En voyant la terre si près d’eux, ils insistèrent avec violence auprès de Lemoine pour qu’il tirât la corde de la soupape et exécutât la descente sans plus tarder.

Le froid, qui avait fait subir de si cruelles souffrances à nos malheureux compatriotes, avait fait sentir ses effets sur le ballon.

Une couche de glace, produite par le rayonnement nocturne, s’était déposée sur la partie supérieure du ballon. De plus, l’appendice et les cordages du « Général Uhrich » étaient descendus à une température si basse que le brouillard s’y condensait sous forme de givre, qui augmentait à vue d’œil. Pour se maintenir en l’air, il aurait fallu sacrifier une partie des lettres de la poste, et, quoique Lemoine eût le droit de le faire, il se serait difficilement résigné à cette extrémité.

Dans ces circonstances, l’aéronaute crut bien faire en cédant aux instances de ses passagers ; mais comprenant que le danger d’être pris par l’ennemi devenait moindre, si l’opération de l’atterrissage était exécutée rapidement, il se précipita avec une sorte de furie sur la corde de la soupape qu’il tira de toutes ses forces, de sorte que la nacelle du « Général Uhrich » frappa le sol avec violence. Un des deux francs-tireurs fut précipité sur le gazon, où heureusement, comme il arrive fréquemment en pareille circonstance, il ne se fit aucune contusion sérieuse.

La descente était si vive, que le « Général Uhrich » rebondit à peine, quoiqu’il fût allégé du poids d’un homme. Lemoine ayant du reste continué à tirer la corde de la soupape, le ballon s’affaissa. Comme il n’y avait pas le moindre vent à terre, Lemoine sauta hors de la nacelle en disant à ses deux compagnons de l’imiter, puis, saisissant la sphère d’étoffe qui flottait encore, il l’ouvrit d’un coup de couteau. En un instant il n’eût plus qu’un paquet de toiles à ses pieds !

En ce moment les voyageurs aperçurent, au milieu de la brume, un paysan qui les regardait. Cet homme s’arrêtait comme pétrifié par la surprise en voyant des uniformes français dans un pays que l’ennemi occupait depuis plus d’un mois et où le service des estafettes et des convois militaires était parfaitement organisé.

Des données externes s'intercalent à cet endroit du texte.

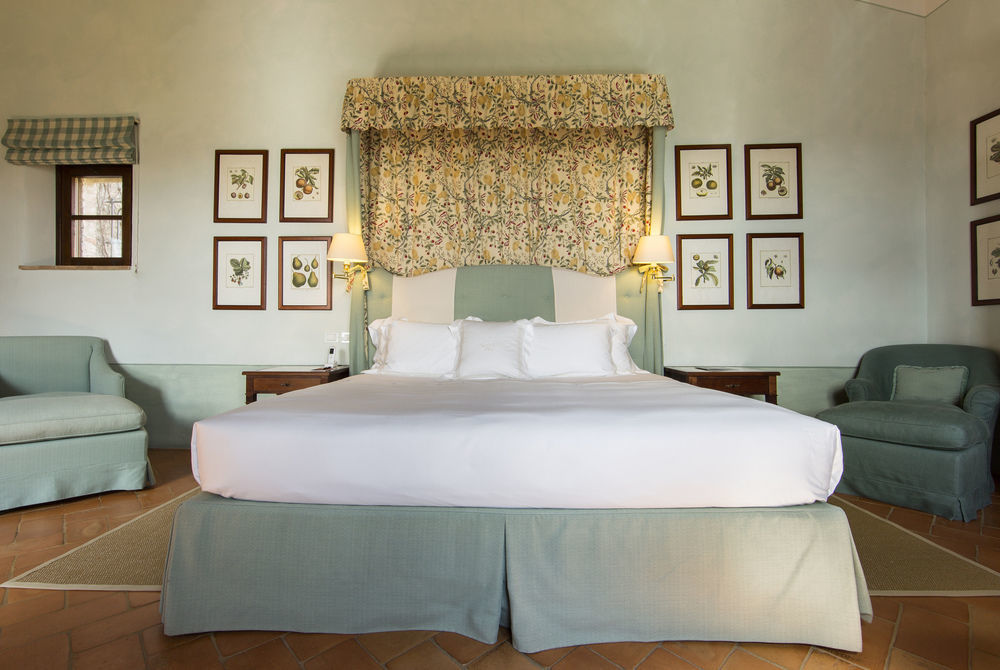 Castello Banfi - Il Borgo - Relais Et Chateaux Poggio alle Mura Ngoại thất bức ảnh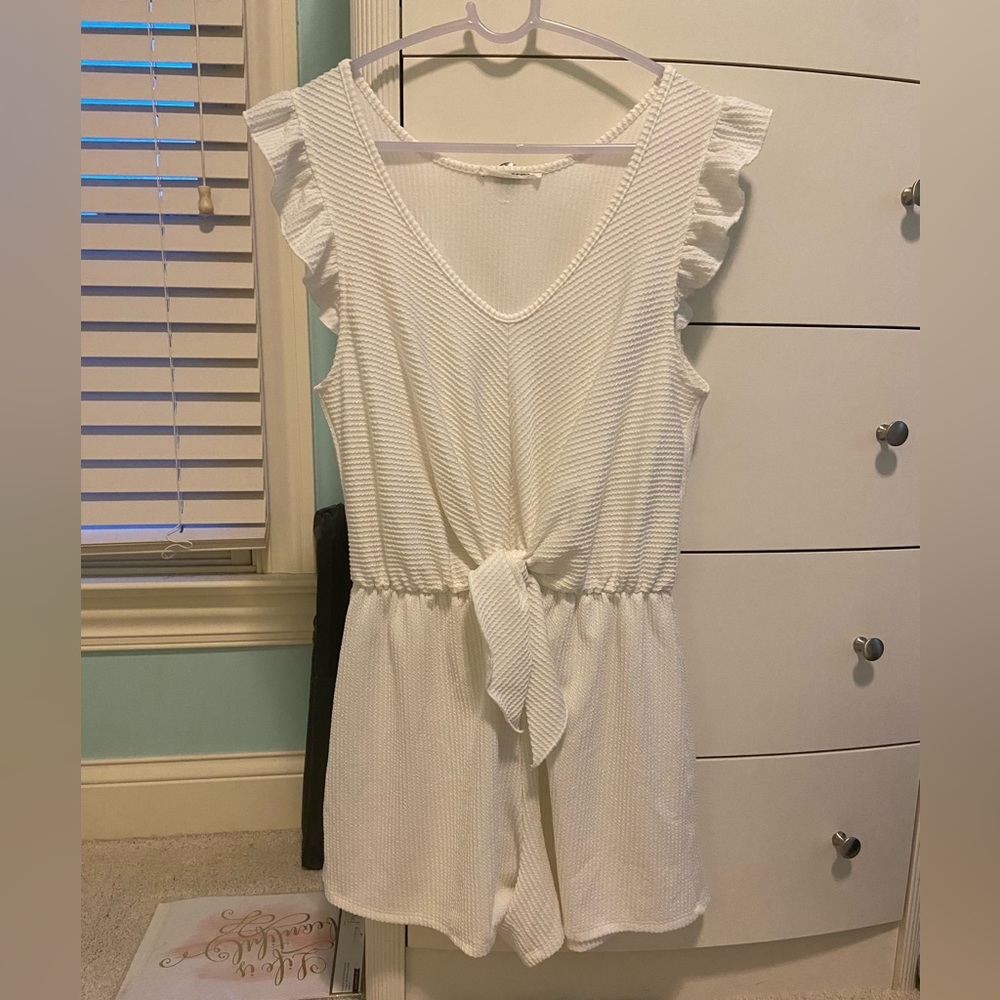 Cute size Large White Romper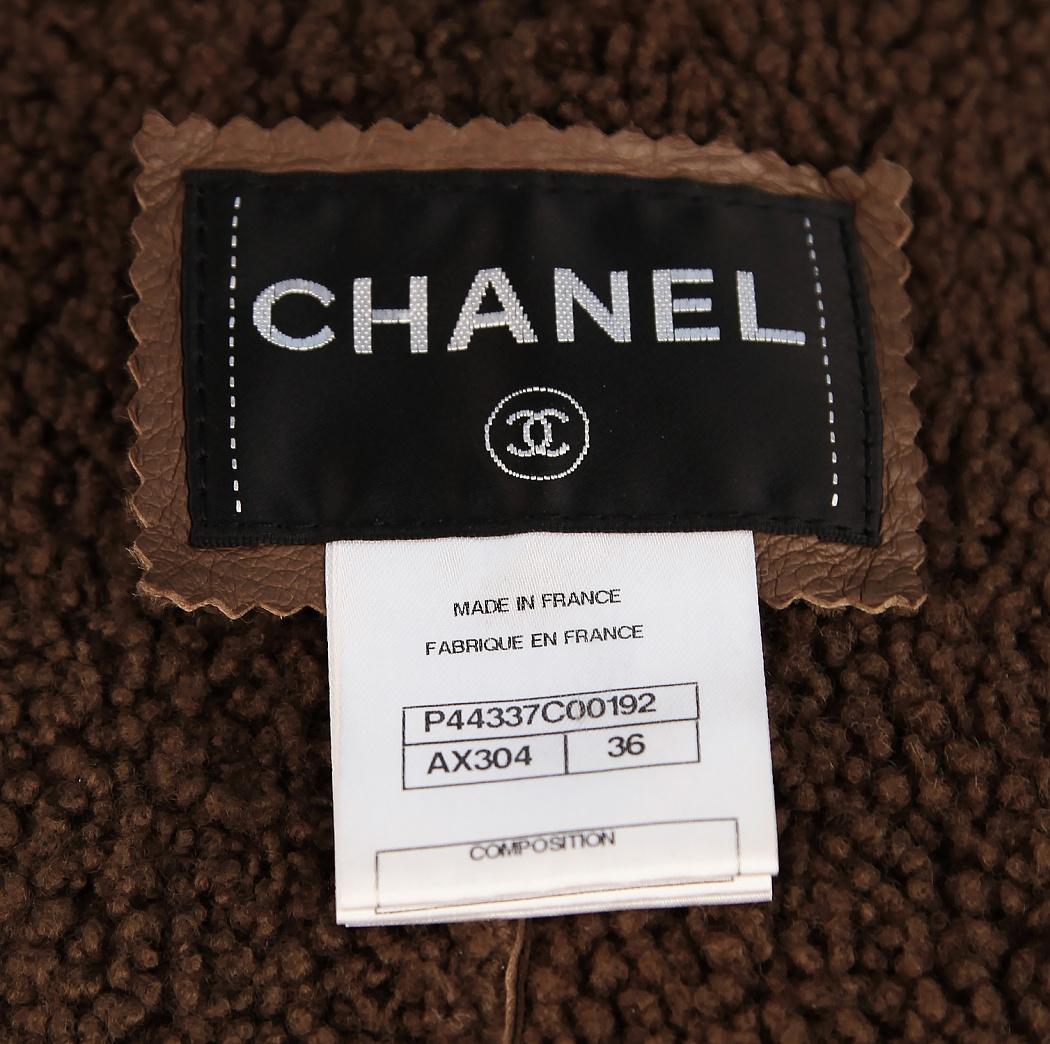 Chanel 14K$ Sammler CC Mantel aus Shearling mit Knöpfen  im Angebot 3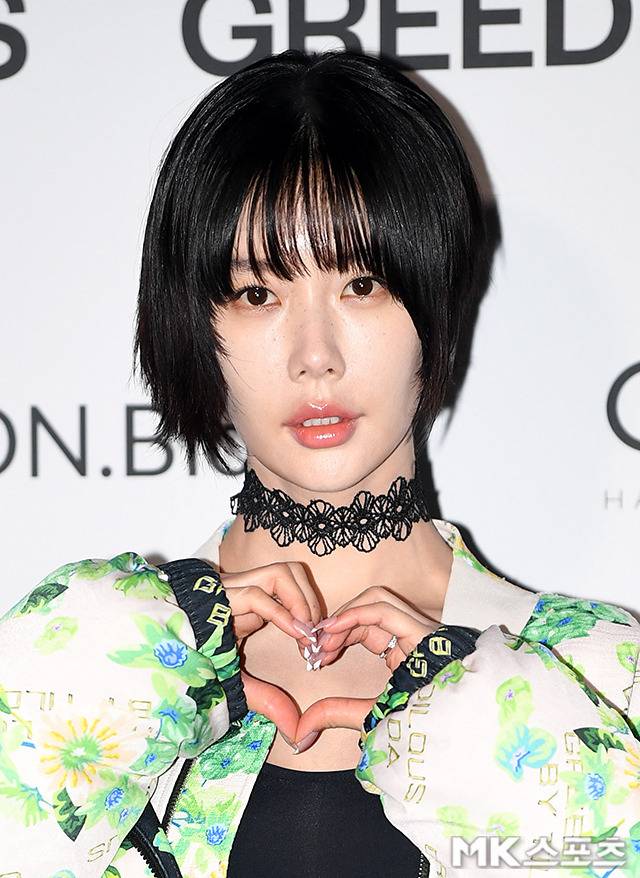 클라라가 결혼 6년 만의 이혼 소식 후 처음으로 근황을 전했다.사진=천정환 기자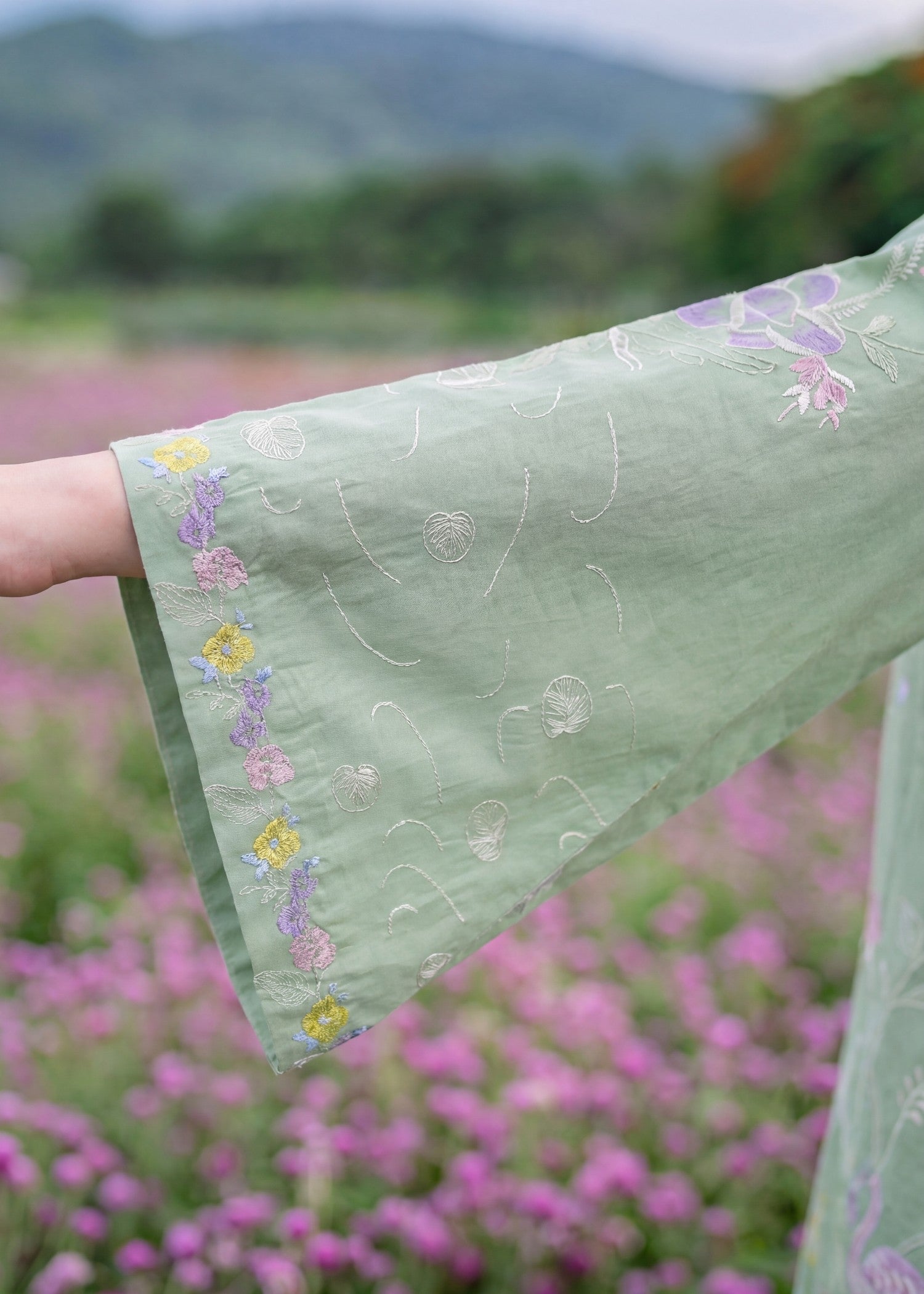 Lawn Kurta Set in Pistachio green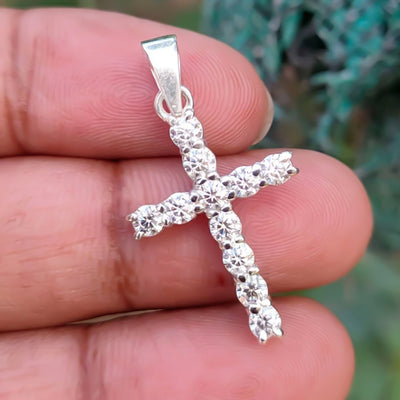 Gorgeous 1.10 Ct Certified 3mm Moissanite Cross Pendant In Vermeil 925 Silver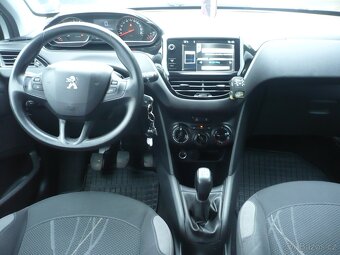 Peugeot  208 1.2 i - 16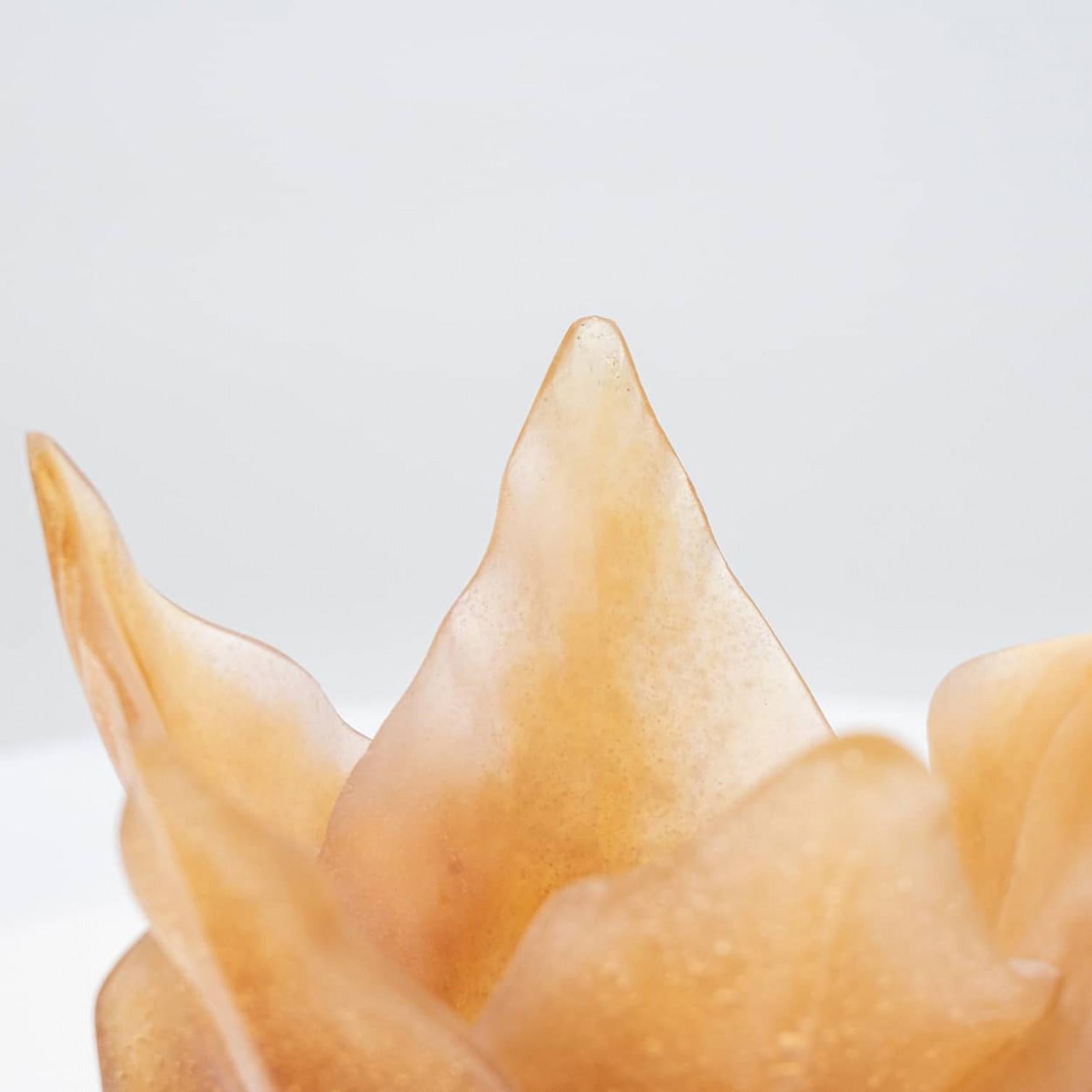 Art Nouveau Vaso in vetro artistico Daum con foglie d'ambra, Francia in vendita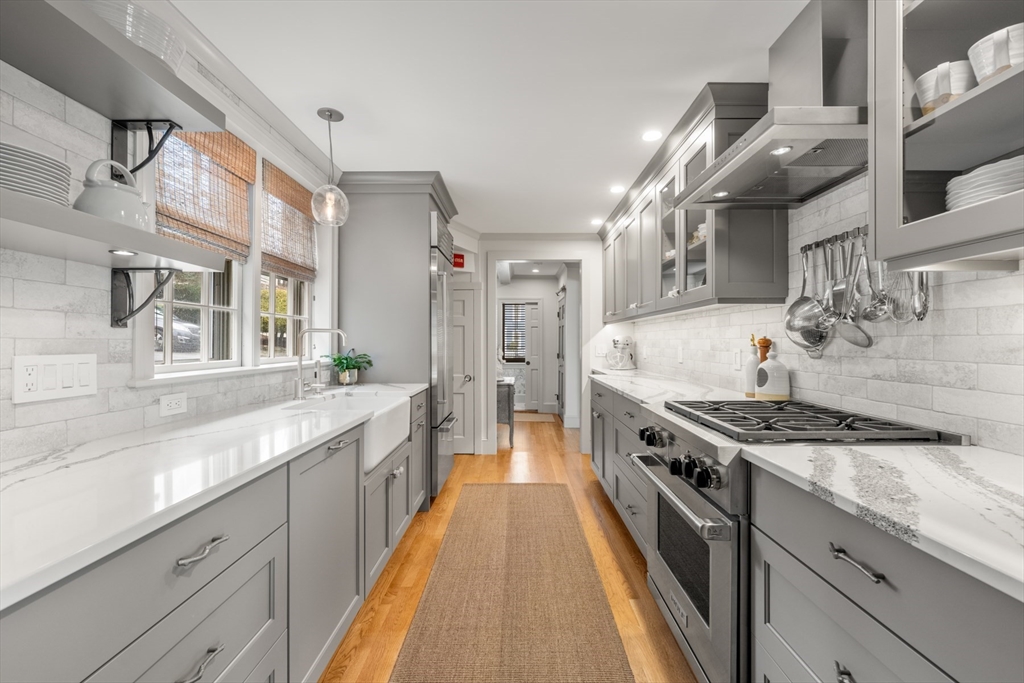 137 Front Street Marblehead, MA 01945 - Photo 15 of 40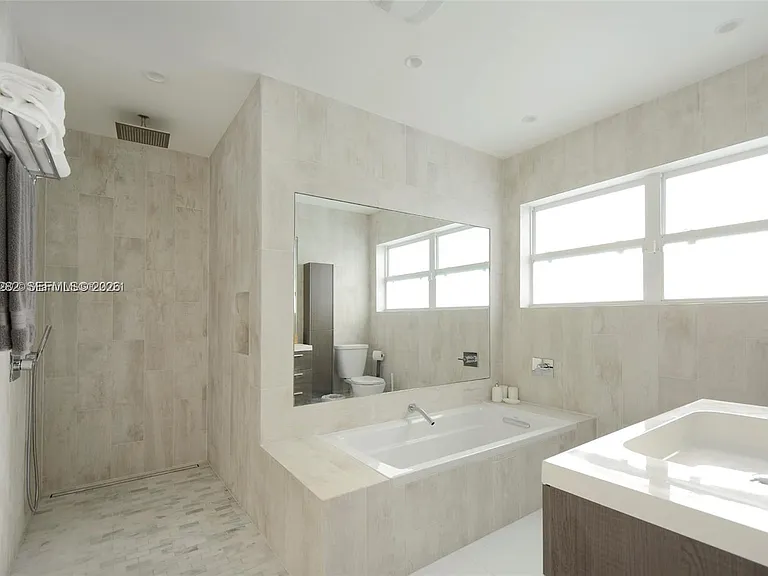 880 N Venetian Dr — Photo 16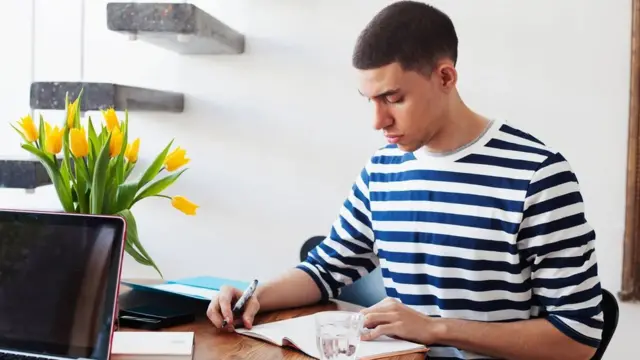 لماذا نماطل حتى في أداء أبسط المهام؟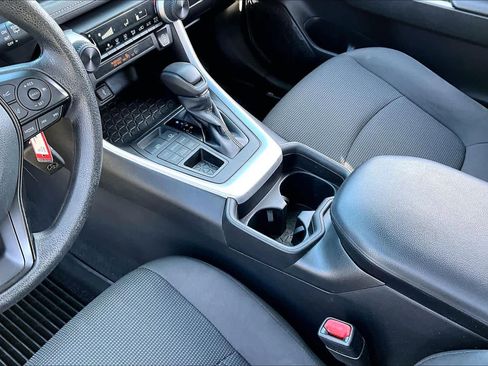 Certified 2021 Toyota RAV4 LE image 16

Le nouveau venu avait l’air plutôt disposé à fuir qu’à s’approcher ; mais il se rassura bientôt et, quand on lui eut fait comprendre qu’il s’agissait de sauver l’équipage et les dépêches d’un ballon dont on lui montra l’enveloppe aplatie, il se mit à la disposition des envoyés de la Défense nationale, avec un dévouement qui ne se démentit plus.